# Wyndham purchases RCI-what's the story?



## BigAl_50 (Apr 16, 2007)

We just returned from a wonderful week at Wyndham "Fairfield" Smoky Mountains, Sevierville, TN (exchange through RCI).  We were approached by Wyndham guest services to "register" our information for the timeshares we own (a total of three) with Wyndham as they go through the process of transfering information from the RCI to their program after they purchased RCI.  I was taken back by this since I had not heard that RCI had been purchased by Wyndham.

The represenative we talked to this was effective a few months ago and said we should have been advised by mail.  With all that was going on; we never sat down to to do the "transfer".  Can anyone direct us where we could get additional information on this subject?

The represenative said our two  - 2 BR red weeks and our one 2 BR blue week would be assigned a point values for trading purposes without a "conversion" cost from weeks to points trading.

Thanks for input on this subject.
Al


----------



## Spence (Apr 16, 2007)

That's all a bunch of BS to get information from you!!!  What is it that you own?

Wyndham did not 'buy' RCI.  I'm no expert but Cendant Corporation bought RCI long ago and has continually been trying milk it for any money.  Cendant has recently re-organized it's holdings and has put RCI under Wyndham in their hierarchy, that's where the little bit of truth is.

That being said, _nothing_ should change for you.



BigAl_50 said:


> We just returned from a wonderful week at Wyndham "Fairfield" Smoky Mountains, Sevierville, TN (exchange through RCI).  We were approached by Wyndham guest services to "register" our information for the timeshares we own (a total of three) with Wyndham as they go through the process of transfering information from the RCI to their program after they purchased RCI.  I was taken back by this since I had not heard that RCI had been purchased by Wyndham.
> 
> The represenative we talked to this was effective a few months ago and said we should have been advised by mail.  With all that was going on; we never sat down to to do the "transfer".  Can anyone direct us where we could get additional information on this subject?
> 
> ...


----------



## mshatty (Apr 16, 2007)

BigAl,

Cendant owned RCI and other companies.  Last year, Cendant split into 3 companies.  Go here to see where RCI and Wyndham Vacation Ownership fit into this split up.  RCI is a separate company from Wyndham Vacation Ownership.

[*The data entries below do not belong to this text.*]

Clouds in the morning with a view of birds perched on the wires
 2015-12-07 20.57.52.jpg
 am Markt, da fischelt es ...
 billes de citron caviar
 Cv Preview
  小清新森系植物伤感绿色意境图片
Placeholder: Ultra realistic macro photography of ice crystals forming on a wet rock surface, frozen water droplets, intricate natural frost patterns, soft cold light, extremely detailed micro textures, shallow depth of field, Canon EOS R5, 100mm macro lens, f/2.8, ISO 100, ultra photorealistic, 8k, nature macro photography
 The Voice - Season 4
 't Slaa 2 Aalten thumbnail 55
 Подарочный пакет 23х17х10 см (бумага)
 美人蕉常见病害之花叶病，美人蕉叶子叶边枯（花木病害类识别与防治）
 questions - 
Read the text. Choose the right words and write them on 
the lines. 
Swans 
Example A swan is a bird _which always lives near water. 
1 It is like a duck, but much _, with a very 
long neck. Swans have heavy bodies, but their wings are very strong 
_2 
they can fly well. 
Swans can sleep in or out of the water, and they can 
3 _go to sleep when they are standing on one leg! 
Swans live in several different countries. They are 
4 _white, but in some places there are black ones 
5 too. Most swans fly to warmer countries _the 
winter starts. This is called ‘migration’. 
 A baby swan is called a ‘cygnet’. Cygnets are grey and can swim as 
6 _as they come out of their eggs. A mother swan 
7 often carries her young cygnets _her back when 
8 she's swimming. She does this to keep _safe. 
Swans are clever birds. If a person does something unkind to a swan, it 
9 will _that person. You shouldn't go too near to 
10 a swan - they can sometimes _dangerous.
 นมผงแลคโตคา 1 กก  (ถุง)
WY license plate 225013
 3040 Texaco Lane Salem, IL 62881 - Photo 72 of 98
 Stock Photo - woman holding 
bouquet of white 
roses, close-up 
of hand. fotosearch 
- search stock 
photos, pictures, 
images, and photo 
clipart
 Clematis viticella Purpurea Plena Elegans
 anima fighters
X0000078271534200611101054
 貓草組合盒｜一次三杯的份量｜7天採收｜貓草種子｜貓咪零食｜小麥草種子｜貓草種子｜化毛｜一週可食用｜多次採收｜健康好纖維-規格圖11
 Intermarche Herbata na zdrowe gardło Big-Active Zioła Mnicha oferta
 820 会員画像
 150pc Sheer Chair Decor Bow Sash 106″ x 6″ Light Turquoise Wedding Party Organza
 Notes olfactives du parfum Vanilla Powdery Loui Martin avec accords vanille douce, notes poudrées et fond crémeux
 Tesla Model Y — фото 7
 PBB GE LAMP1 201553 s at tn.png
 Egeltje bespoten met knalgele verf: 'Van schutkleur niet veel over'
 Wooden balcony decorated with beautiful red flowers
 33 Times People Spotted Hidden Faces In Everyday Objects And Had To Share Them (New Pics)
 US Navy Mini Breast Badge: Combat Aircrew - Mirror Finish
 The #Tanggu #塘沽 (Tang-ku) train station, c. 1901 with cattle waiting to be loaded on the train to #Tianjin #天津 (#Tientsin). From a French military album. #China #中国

The person you spoke to is confused or misinformed.


----------



## BigAl_50 (Apr 16, 2007)

Spence and Mike,

Thanks for the input on this subject; I figured this was the case but I just wanted to check it out.  We own week 27 @ Hiawatha  Manor - Lake Tansi, Crossville, TN; week 30 @ Marsh Harbor - Calabash, NC and week 4 @ Barrier Island Station, Duck, NC.

Al


----------